> _WHAT YOU SHOULD DO_:
The lines wanted are those from the one containing "Gallery image thumbnail" to the last line of the entries below; output them exactly, leaving out pictures.

> _RECORD SET_:
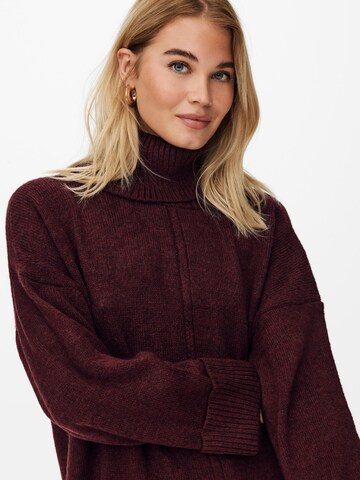 Pull-over 'Tatiana' ONLY en rouge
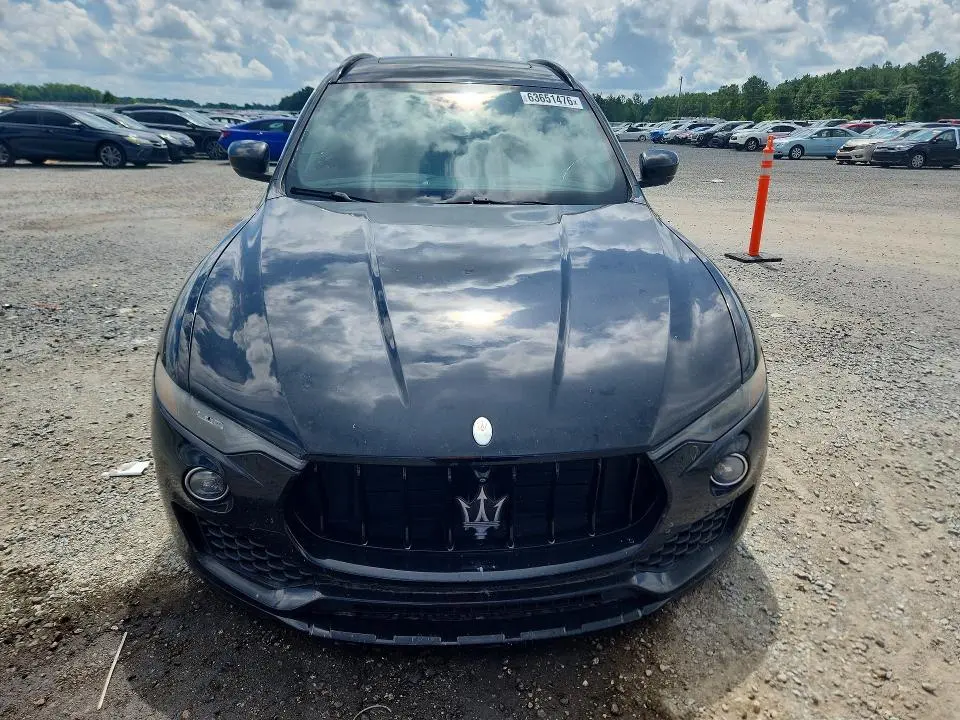 2017 MASERATI Levante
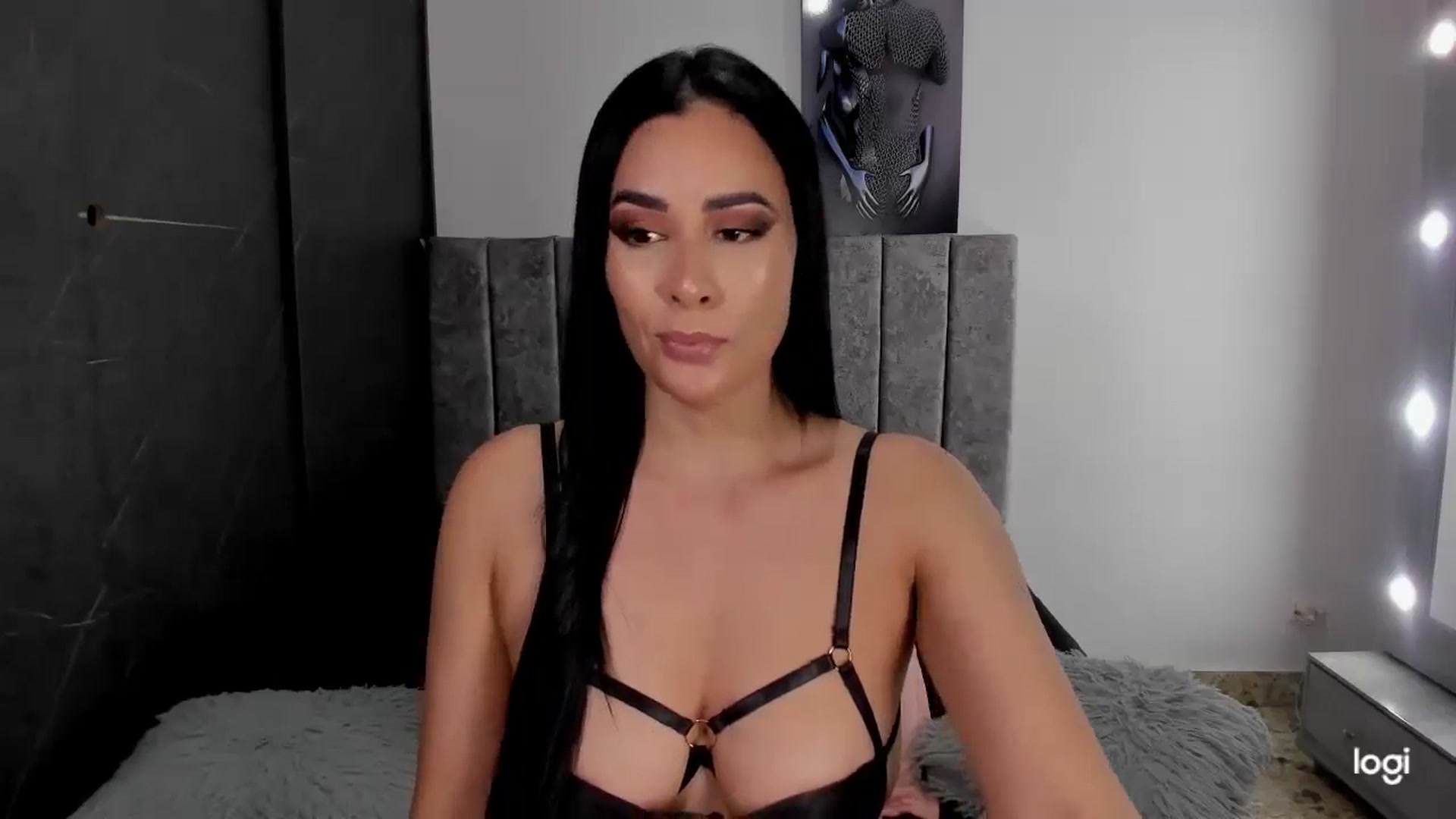 Gallery image thumbnail from Rnata_Gomezz's myfreecams stream on, 04/22/2026, 05:20 image 2 of 20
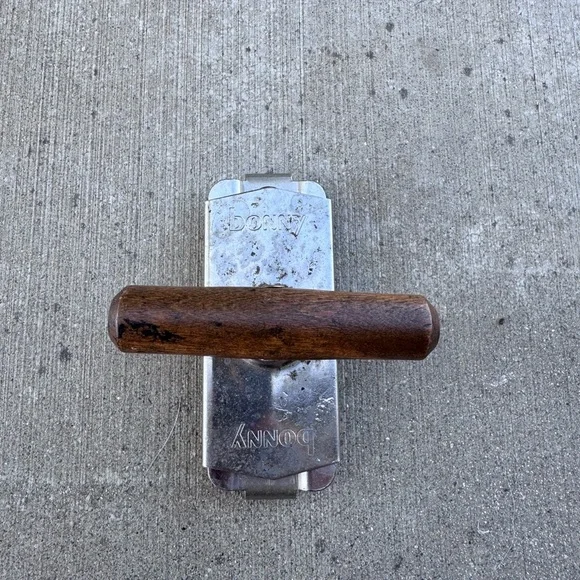 Vintage Bonny Screw Top Off Wood Handle Handheld Manual Can & Jar Opener rustic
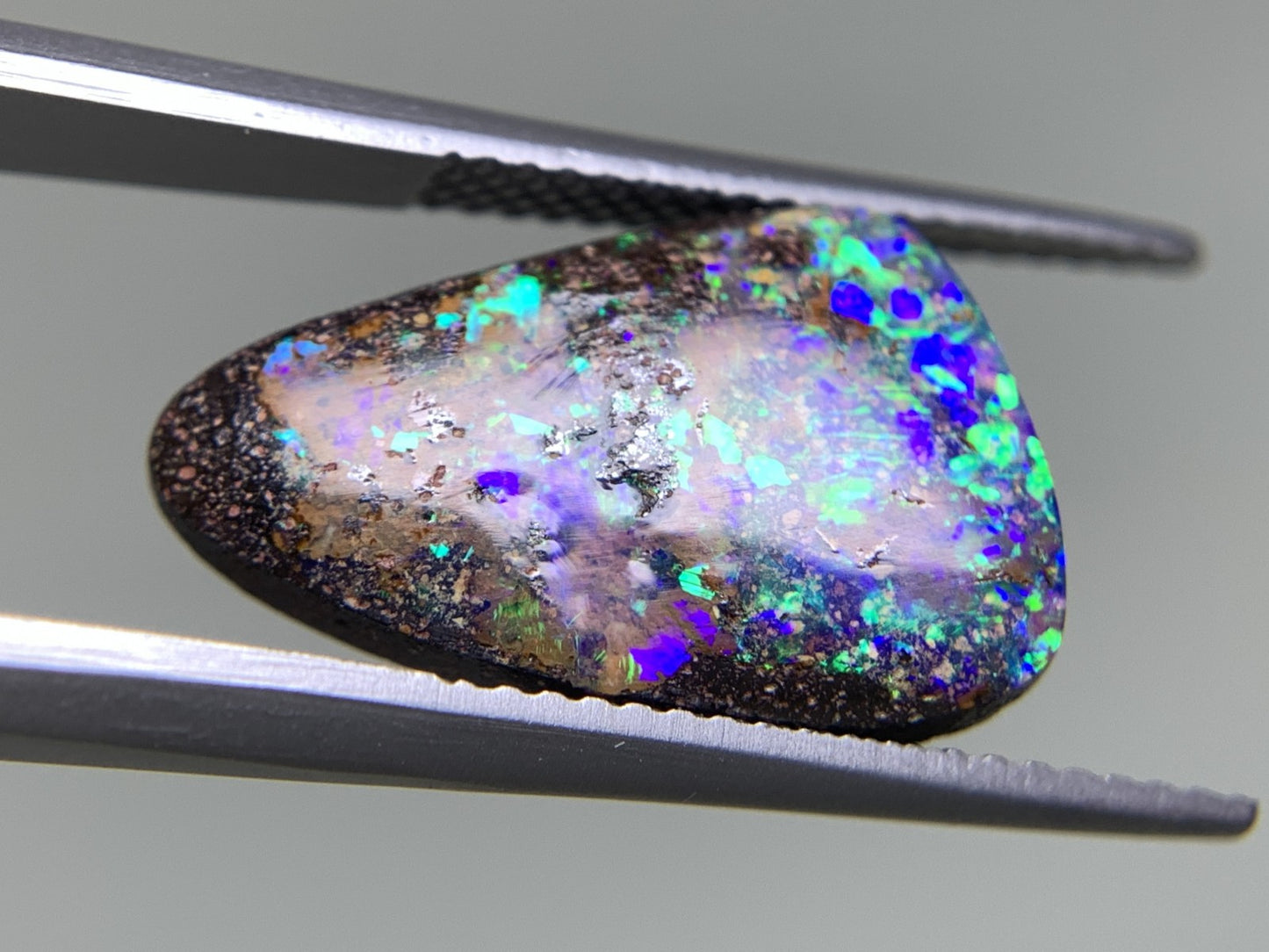 ボルダーオパール 天然 7.336ct 宝石ソーティング付き 17.1㎜×11.0㎜×4.9㎜ ルース( 裸石 ) 5484Y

> _ANSWER SPACE_:
 Gallery image thumbnail from Rnata_Gomezz's myfreecams stream on, 04/22/2026, 05:20 image 2 of 20
 Vintage Bonny Screw Top Off Wood Handle Handheld Manual Can & Jar Opener rustic
 ボルダーオパール 天然 7.336ct 宝石ソーティング付き 17.1㎜×11.0㎜×4.9㎜ ルース( 裸石 ) 5484Y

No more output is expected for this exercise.